In [1]:

import pandas as pd

from orion.data import load_signal

1. Data¶

In [2]:

signal_name = 'S-1'

data = load_signal(signal_name)

data.head()

Out[2]:

	timestamp	value
0	1222819200	-0.366359
1	1222840800	-0.394108
2	1222862400	0.403625
3	1222884000	-0.362759
4	1222905600	-0.370746

2. Pipeline¶

In [3]:

from mlblocks import MLPipeline

pipeline_name = 'matrixprofile'

pipeline = MLPipeline(pipeline_name)

step by step execution¶

MLPipelines are compose of a squence of primitives, these primitives apply tranformation and calculation operations to the data and updates the variables within the pipeline. To view the primitives used by the pipeline, we access its primtivies attribute.

The matrixprofile contains 7 primitives. we will observe how the context (which are the variables held within the pipeline) are updated after the execution of each primitive.

In [4]:

pipeline.primitives

Out[4]:

['mlstars.custom.timeseries_preprocessing.time_segments_aggregate',
 'sklearn.impute.SimpleImputer',
 'sklearn.preprocessing.MinMaxScaler',
 'numpy.reshape',
 'stumpy.stump',
 'orion.primitives.timeseries_preprocessing.slice_array_by_dims',
 'numpy.reshape',
 'orion.primitives.timeseries_anomalies.find_anomalies']

time segments aggregate¶

this primitive creates an equi-spaced time series by aggregating values over fixed specified interval.

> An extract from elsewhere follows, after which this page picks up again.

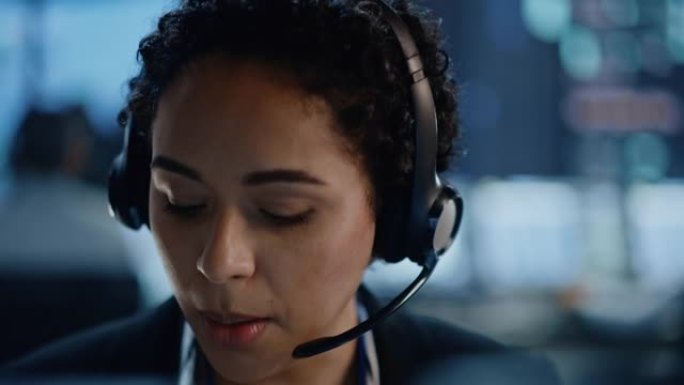 专业IT技术支持女性专家的肖像在数字屏幕监控控制室的计算机上工作。员工戴着带麦克风的耳机，正在通话。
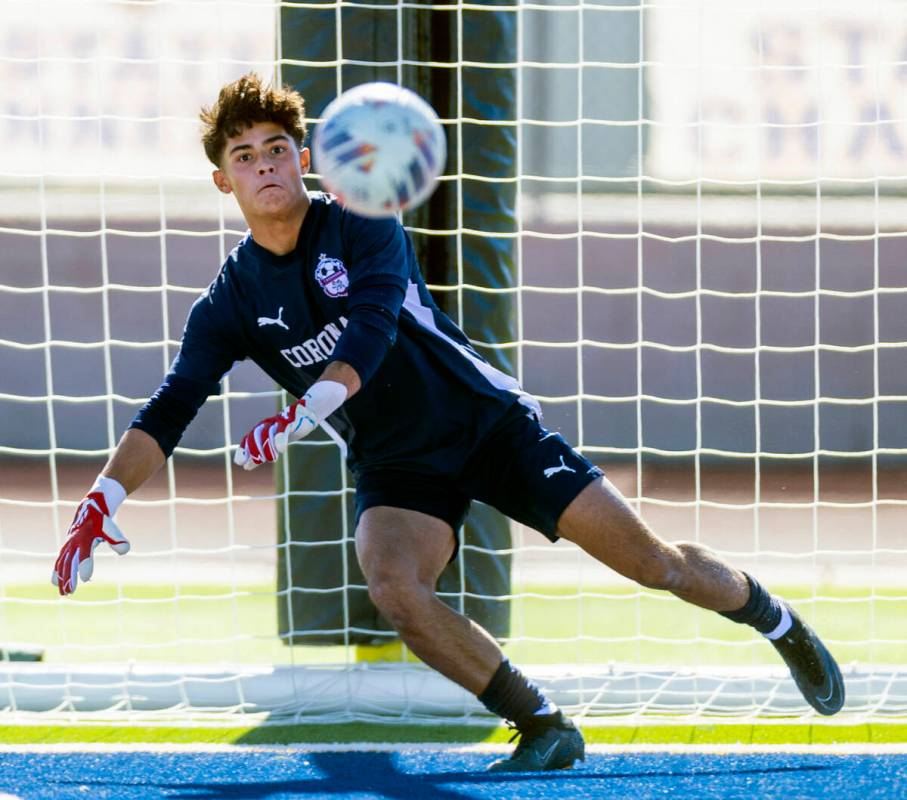 Coronado goalkeeper Logan Pierce (13) eyes a kick as they will face Wooster during the first ha ...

input: X which is an n-dimensional sequence of values.
output:
- X sequence of aggregated values, one column for each aggregation method.
- index sequence of index values (first index of each aggregated segment).

In [5]:

context = pipeline.fit(data, output_=0)
context.keys()

Out[5]:

dict_keys(['X', 'index'])

In [6]:

for i, x in list(zip(context['index'], context['X']))[:5]:
    print("entry at {} has value {}".format(i, x))

entry at 1222819200 has value [-0.36635895]
entry at 1222840800 has value [-0.39410778]
entry at 1222862400 has value [0.4036246]
entry at 1222884000 has value [-0.36275906]
entry at 1222905600 has value [-0.37074649]

SimpleImputer¶

this primitive is an imputation transformer for filling missing values.

input: X which is an n-dimensional sequence of values.
output: X which is a transformed version of X.

In [7]:

step = 1

context = pipeline.fit(**context, output_=step, start_=step)
context.keys()

Out[7]:

dict_keys(['index', 'X'])

MinMaxScaler¶

this primitive transforms features by scaling each feature to a given range.

input: X the data used to compute the per-feature minimum and maximum used for later scaling along the features axis.
output: X which is a transformed version of X.

In [8]:

step = 2

context = pipeline.fit(**context, output_=step, start_=step)
context.keys()

Out[8]:

dict_keys(['index', 'X'])

In [9]:

# after scaling the data between [0, 1]
# in this example, no change is observed
# since the data was pre-handedly scaled

for i, x in list(zip(context['index'], context['X']))[:5]:
    print("entry at {} has value {}".format(i, x))

entry at 1222819200 has value [0.31682053]
entry at 1222840800 has value [0.30294611]
entry at 1222862400 has value [0.7018123]
entry at 1222884000 has value [0.31862047]
entry at 1222905600 has value [0.31462675]

reshape¶

this primitive flattens the array.

input: X n-dimensional values.
output: X which is a flat version of X.

In [10]:

step = 3

context = pipeline.fit(**context, output_=step, start_=step)
context.keys()

Out[10]:

dict_keys(['index', 'X'])

In [11]:

context['X'].shape

Out[11]:

(10149,)

stump¶

this primitive computes the matrix profile of X.

input: X n-dimensional values.
output: y which is the matrix profile of X.

In [12]:

step = 4

context = pipeline.fit(**context, output_=step, start_=step)
context.keys()

Out[12]:

dict_keys(['index', 'X', 'y'])

In [13]:

context['y'].shape

Out[13]:

(10050, 4)

slice array by dim¶

this primitive extracts the distance to the nearest neighbor from the matrix profile.

input: y n-dimensional values.
output: y which is the distance array in y.

In [14]:

step = 5

context = pipeline.fit(**context, output_=step, start_=step)
context.keys()

Out[14]:

dict_keys(['index', 'X', 'y'])

In [15]:

context['y'].shape

Out[15]:

(10050, 1)

reshape¶

this primitive flattens the array.

input: y n-dimensional values.
output: errors which is a flat version of y.

In [16]:

step = 6

context = pipeline.fit(**context, output_=step, start_=step)
context.keys()

Out[16]:

dict_keys(['index', 'X', 'y', 'errors'])

find anomalies¶

this primitive extracts anomalies from sequences of errors following the approach explained in the related paper.

input:
- errors array of errors.
- index array of indices of errors.
output: y array containing start-index, end-index, score for each anomalous sequence that was found.

In [17]:

step = 7

context = pipeline.fit(**context, output_=step, start_=step)
context.keys()

/Users/sarah/opt/anaconda3/envs/stumpy/lib/python3.7/site-packages/scipy/optimize/optimize.py:761: RuntimeWarning: invalid value encountered in subtract
  np.max(np.abs(fsim[0] - fsim[1:])) <= fatol):

Out[17]:

dict_keys(['index', 'errors', 'X', 'y'])

In [18]:

pd.DataFrame(context['y'], columns=['start', 'end', 'severity'])

Out[18]:

	start	end	severity
0	1.310386e+09	1.312826e+09	0.198253
1	1.398125e+09	1.401408e+09	1.728175